Wall Street rose, pushing the Dow to a record high, as the price of oil rebounded and Republicans won control of the Senate.
In afternoon trading in New York, the Dow Jones Industrial Average rose 0.53 percent, the Standard & Poor’s 500 Index gained 0.47 percent, while the Nasdaq Composite Index added 0.11 percent.
The Dow rose as shares of Visa climbed, last up 3.2 percent. The index touched a record high 17,485.65 earlier in the session.
“It had looked like some of the races would be very close and that we might not know who controlled the Senate, but in the end the results were pretty decisive,” John Carey, portfolio manager at Pioneer Investment Management in Boston, told Reuters. “That’s good news for the industries that had been subject to regulatory issues.”
There was good news on the jobs front too. US private employers added a better-than-expected 230,000 jobs in October, ADP National Employment data showed. That bodes well for the government’s monthly payroll report, due on Friday.

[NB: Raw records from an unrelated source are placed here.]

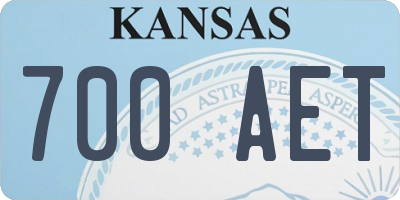 KS license plate 700AET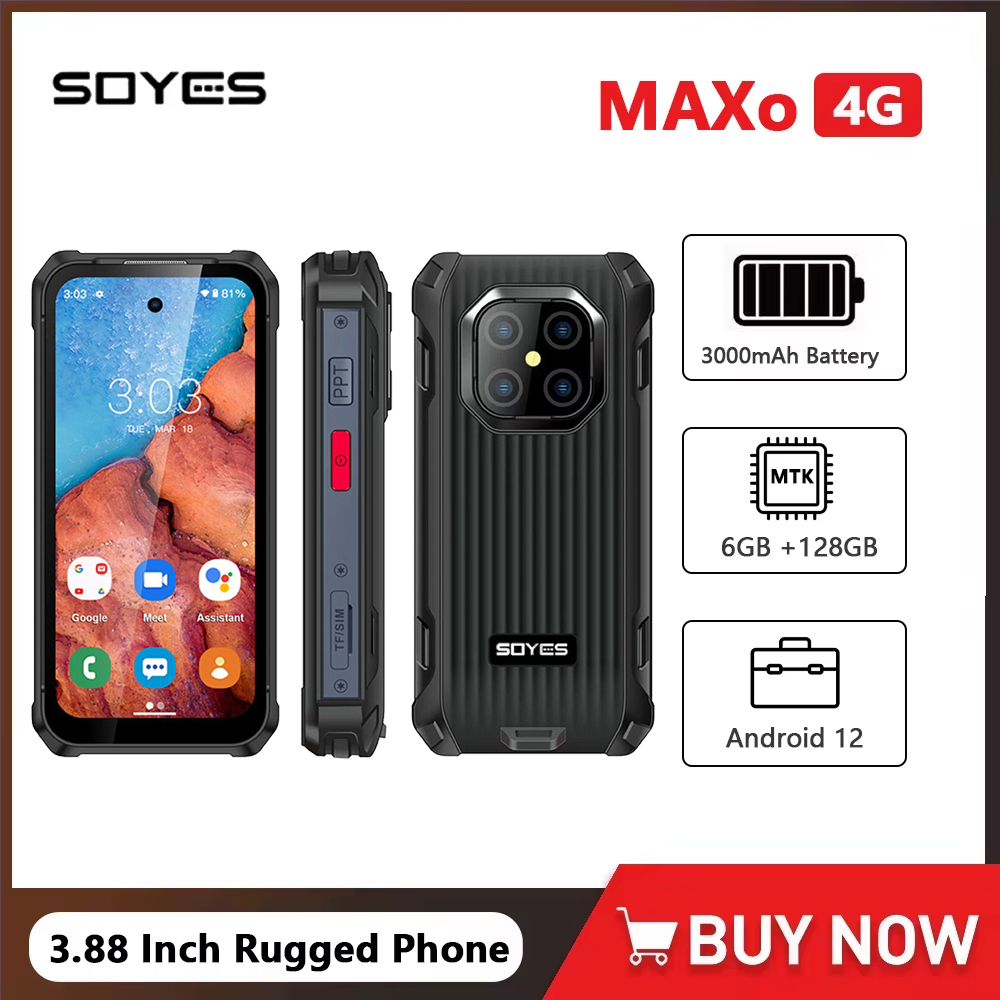 SOYES MAXo MINI téléphone robuste étanche 6GB + 128GB téléphone portable 3000mAh lampe de poche PTT/SOS 3.88 pouces petit Smartphone Android 12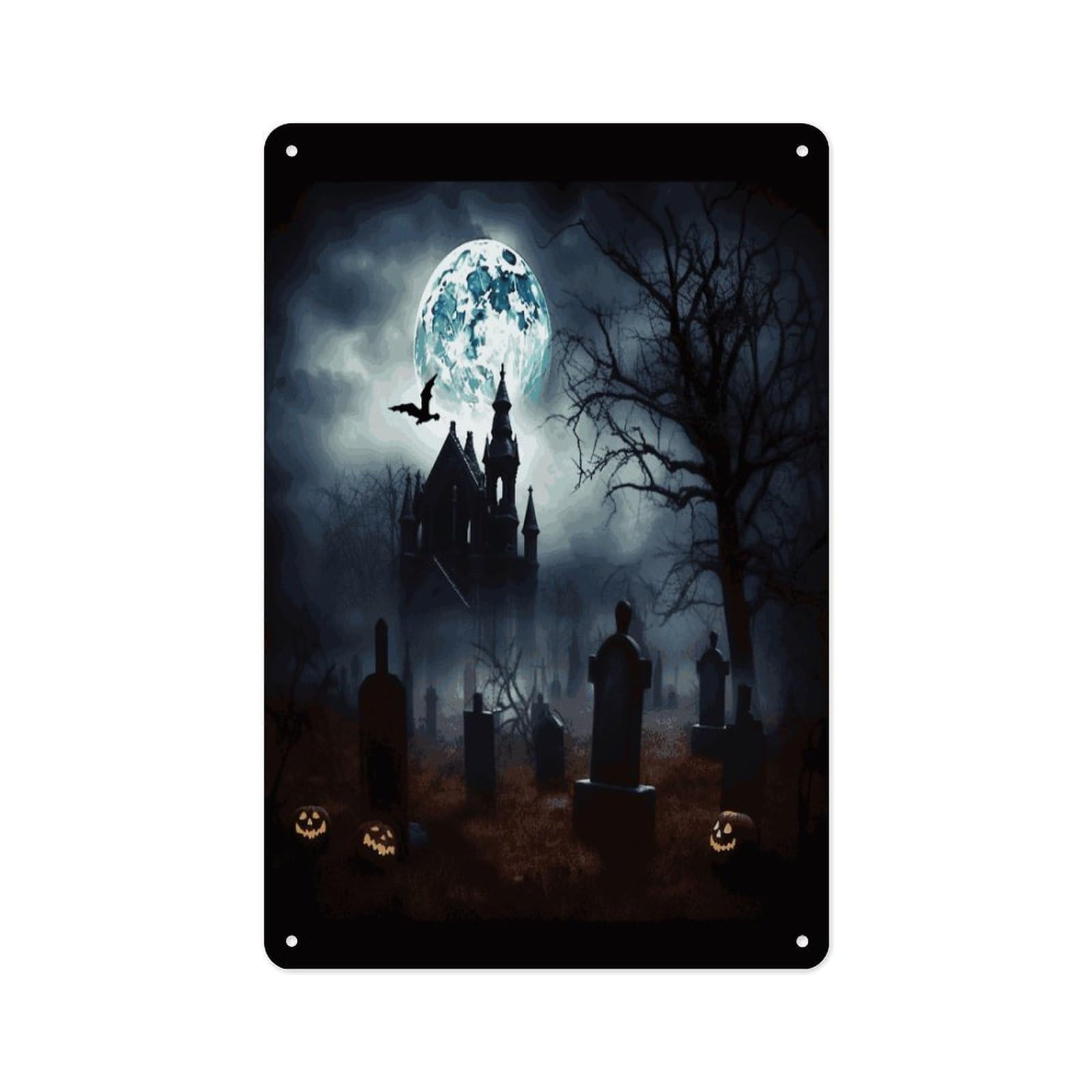 Fekiloot Style Gothic Happy Halloween Wall Decor Metal Signs Tin Signs Poster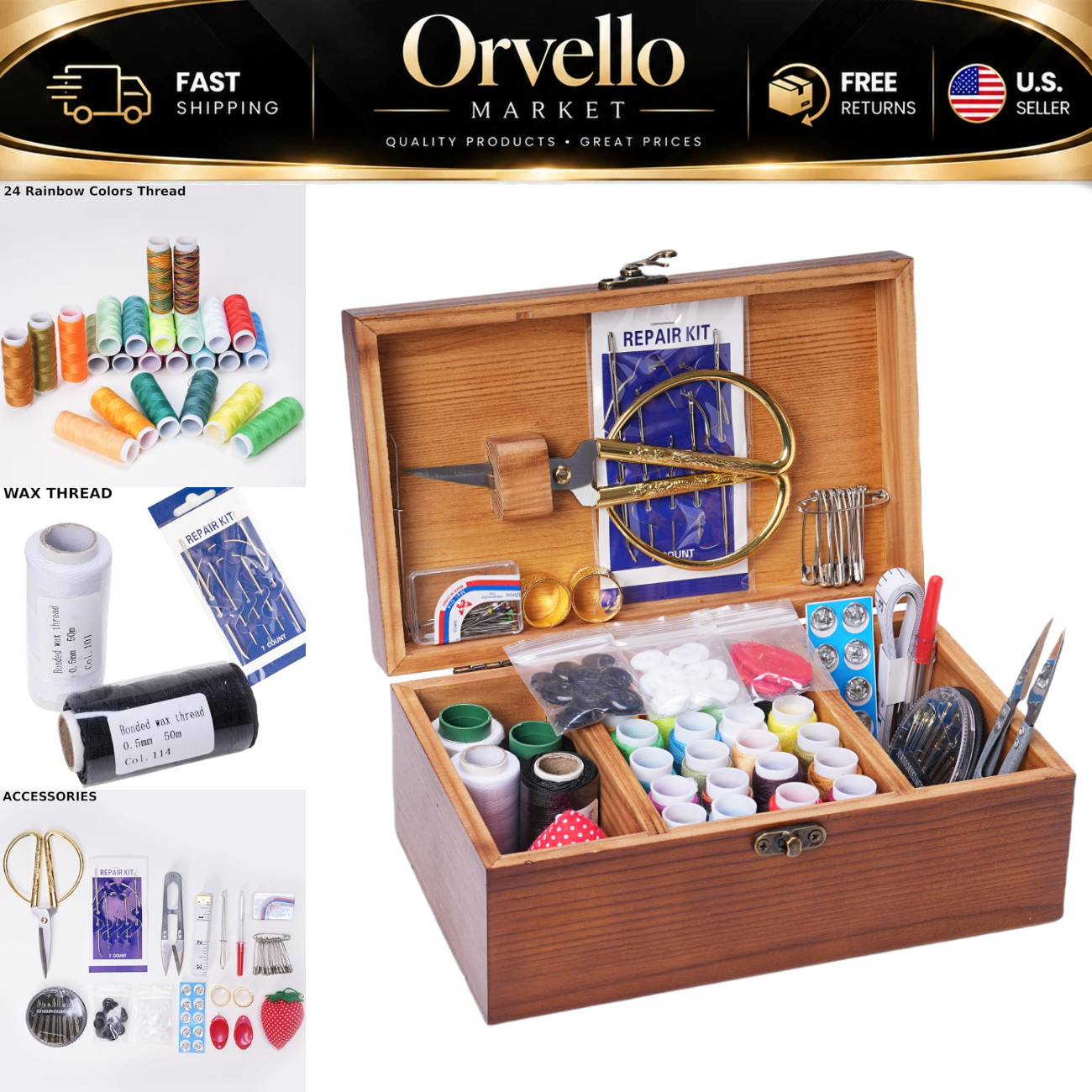 Wooden Sewing Kit Box with Accessories - Craft Storage Organizer for Sewing Supp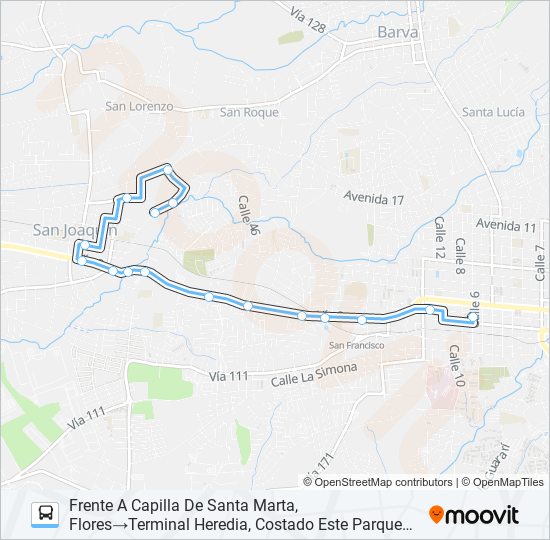 Mapa de HEREDIA - SANTA MARTA de autobús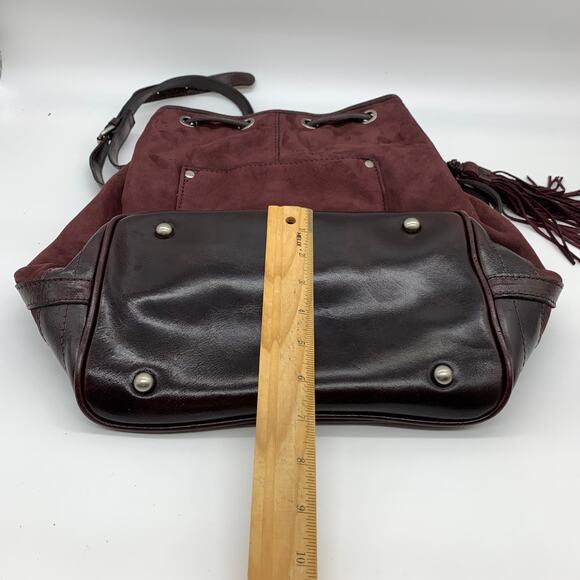 Patricia Nash Leather Crossbody Bags Melrose Drawstring Plum Nubuck Purse - Picture 8 of 12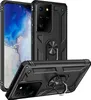 A black protective phone case with a ring holder, shown from multiple angles. Produktbild-Vorschau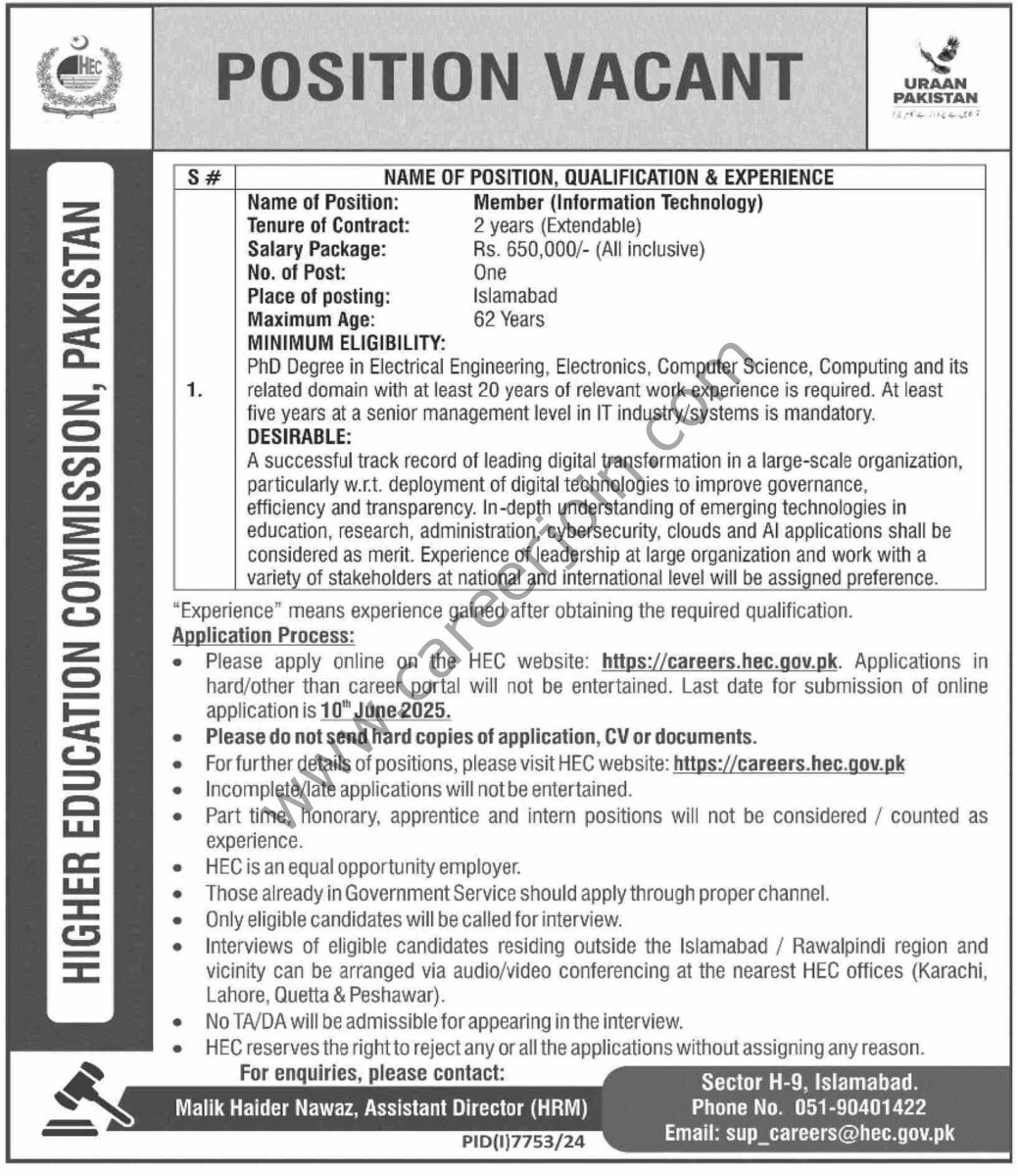 Higher Education Commission HEC Jobs 11 May 2025 Dawn 1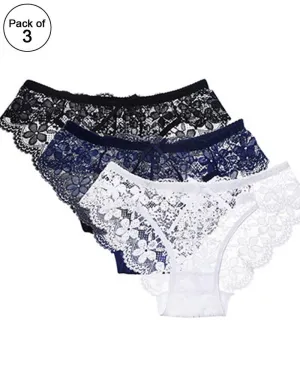 Pack of 3 - Sexy Summer Soft Cotton Net Panty For Ladies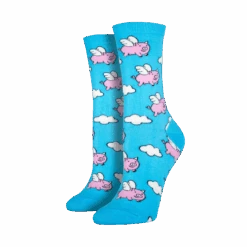 Sock Smith Ladies When Pigs Fly Sky Blue Crew Socks SSW1355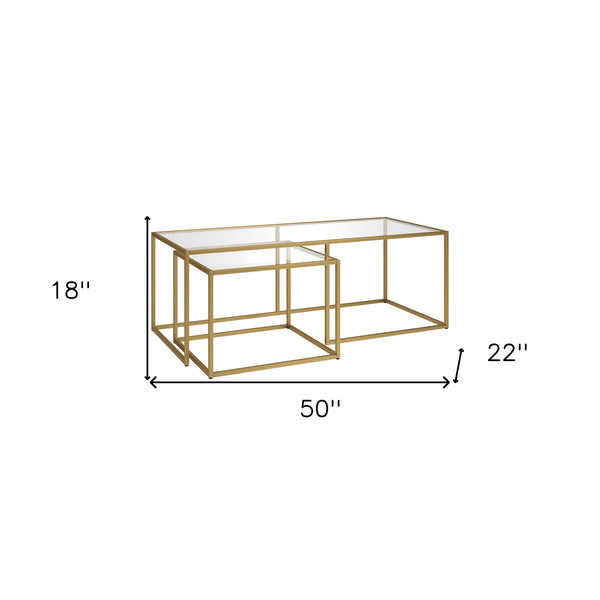 Homeroots Set Of Two 50" Gold Glass And Steel Nested Coffee Tables   521025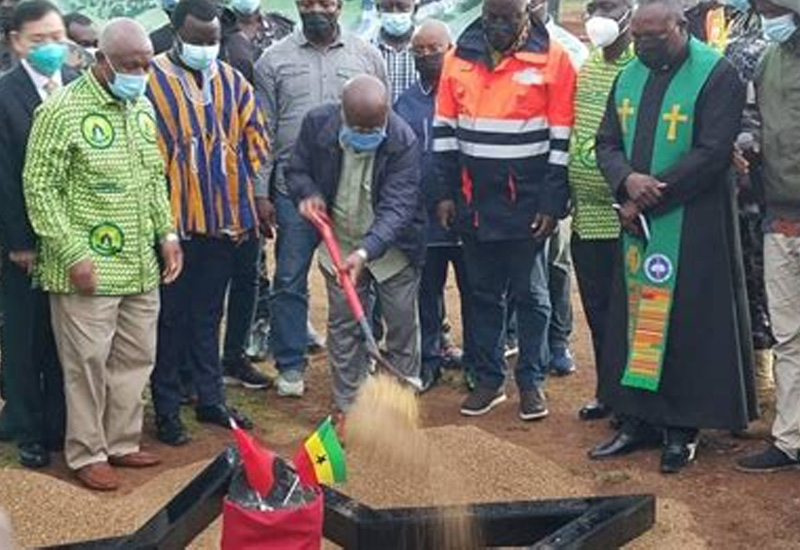 You are currently viewing President cuts sod for phase-two of UHAS Campus project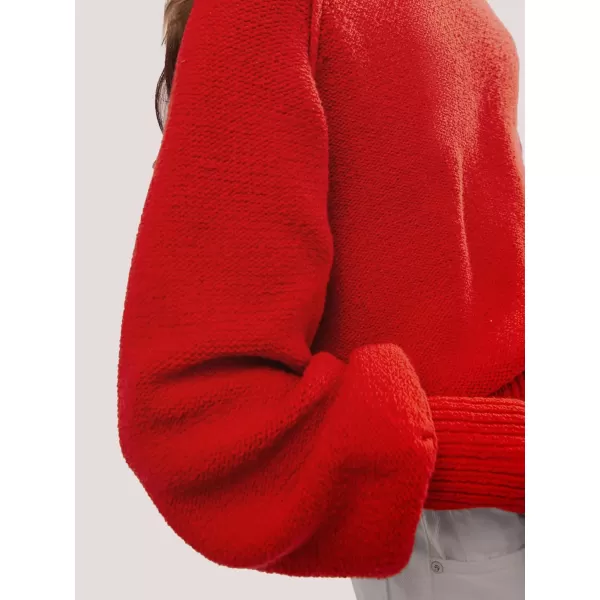 SuperPrity Sweaters for Women Fall 2024 Mock Neck Long Sleeve Knit Oversized Cropped Pullover Sweaters Top Trendy OutfitsRed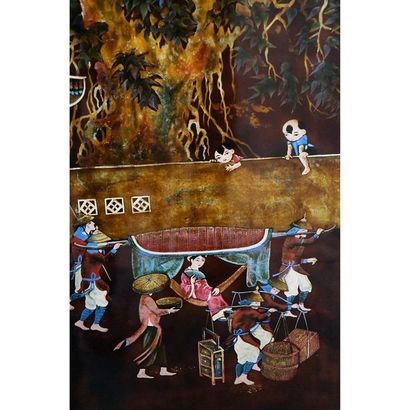 Double-sided folding screen with 6 lacquer...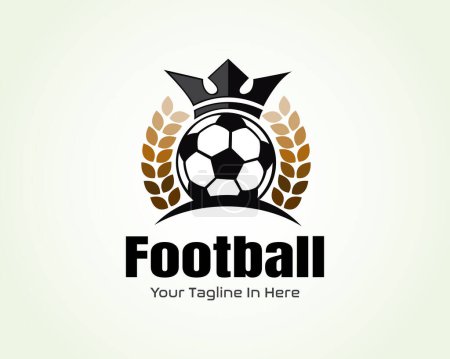 Illustration for Football team association king wheat logo symbol emblem design template illustration - Royalty Free Image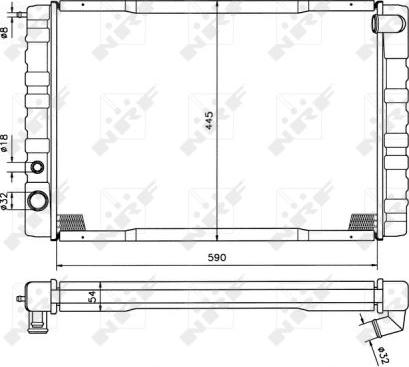 NRF 505402 - Радіатор, охолодження двигуна autocars.com.ua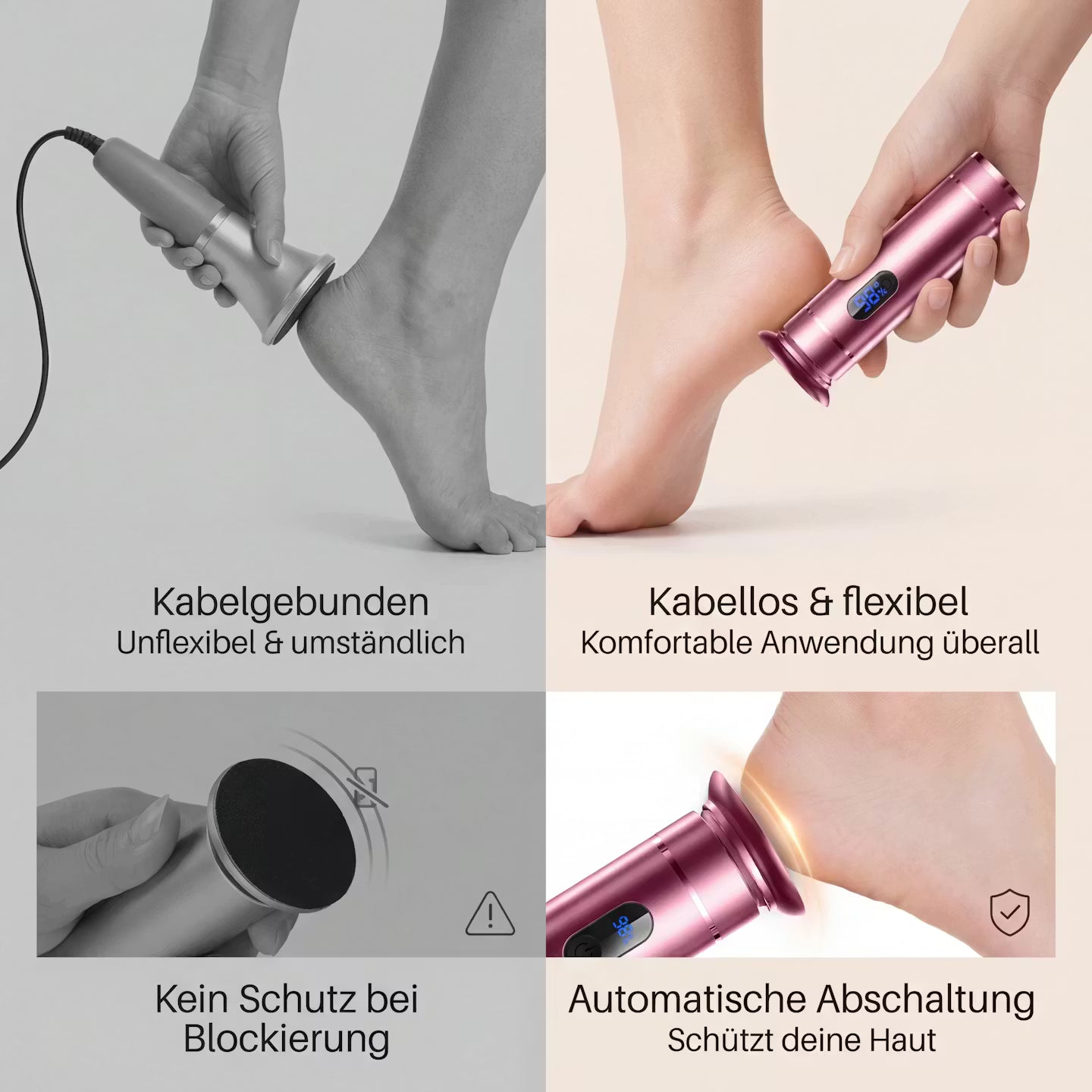Elektrische eeltverwijderaar voor voeten - oplaadbaar pedicurehulpmiddel met verwisselbare opzetstukken
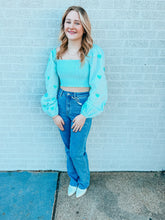 Load image into Gallery viewer, Sky blue sequin heart smocked crop

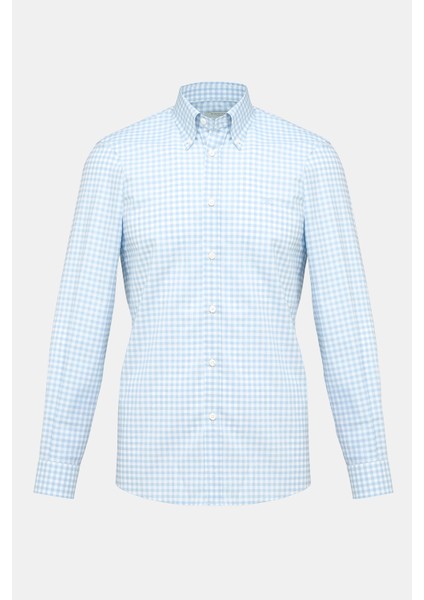 Erkek Mavi Cooper Fit Düğmeli Yaka Ekoseli Spor Gömlek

“Demand is improving and businesses can’t count on productivity gains so they need to hire workers to meet that stronger demand,” Gus Faucher, an economist at PNC Financial Services Group in Pittsburgh, told Bloomberg News before the report’s release. “The economy is growing, and not just in a few industries, but pretty broadly. And job growth reflects that because we’re seeing broad-based job growth as well.”
To be sure, the Institute for Supply Management’s services index slipped to 57.1 in October, down from 58.6 in September.
While there are still a few hurdles to growth, the continuing strength of the US economy means that the government won’t need to borrow as much going forward.
The Treasury Department plans to pare sales of two- and three-year notes in part at the request of US banks needing easy access to highly liquid securities. The size of 10-year and 30-year bond auctions will be unchanged.
Shares of Time Warner climbed, last up 3 percent, after the company posted a third-quarter profit that exceeded expectations and lifted its full-year outlook.
Of the S&P 500 members that have reported their latest quarterly results, 81 percent exceeded profit forecasts, while 61 percent surpassed sales estimates, according to data compiled by Bloomberg.
However, shares of TripAdvisor sank, last 13.8 percent down, after the company reported a quarterly profit that fell short of the mark amid an increase in costs and expenses.
In Europe, the Stoxx 600 ended the day with a 1.7 percent rally from the previous close. The UK’s FTSE 100 Index advanced 1.3 percent, Germany’s DAX rose 1.6 percent, while France’s CAC 40 jumped 1.9 percent.
Investors eye Thursday’s gathering European Central Bank policy makers for fresh clues of additional stimulus for the flagging euro-zone economy.
Oil bounced after a weekly report showed US inventories rose at a slower-than-expected pace and after a report that a pipeline in Saudi Arabia exploded.